Leave out any picture and return the remaining listing below exactly as given.
[[ Data below open ]]
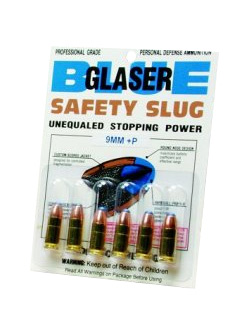 Glaser Blue Safety Slug 45 ACP +P 145 Grain 6 Rounds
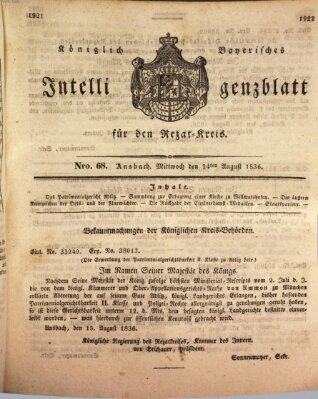 Königlich Bayerisches Intelligenzblatt für den Rezat-Kreis (Ansbacher Intelligenz-Zeitung) Mittwoch 24. August 1836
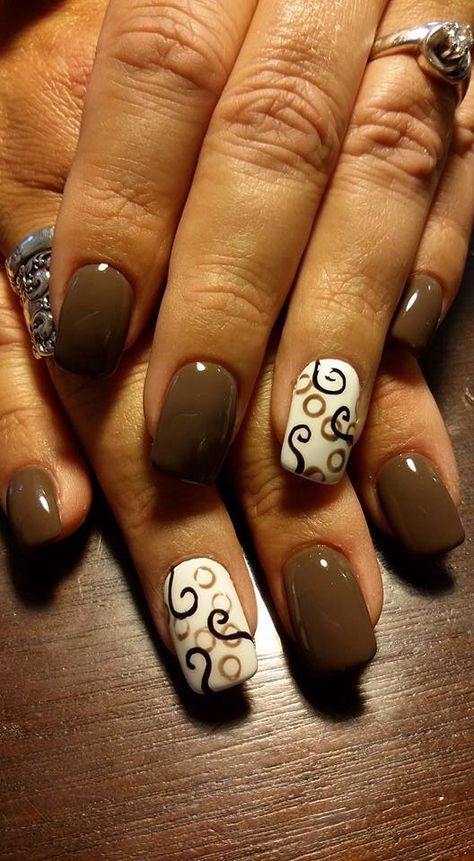 Brown Nails Fall Art Designs, Black Cherry Nails Design, Coffee Nails Designs, Cherry Mocha Nails, Black Cherry Nails, Thanksgiving Nail Designs, Brown Nails Design, Thanksgiving Nail, French Tip Nail Designs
[[ Data below closed ]]
Result of this exercise.
 Glaser Blue Safety Slug 45 ACP +P 145 Grain 6 Rounds
 Königlich Bayerisches Intelligenzblatt für den Rezat-Kreis (Ansbacher Intelligenz-Zeitung) Mittwoch 24. August 1836
 Brown Nails Fall Art Designs, Black Cherry Nails Design, Coffee Nails Designs, Cherry Mocha Nails, Black Cherry Nails, Thanksgiving Nail Designs, Brown Nails Design, Thanksgiving Nail, French Tip Nail Designs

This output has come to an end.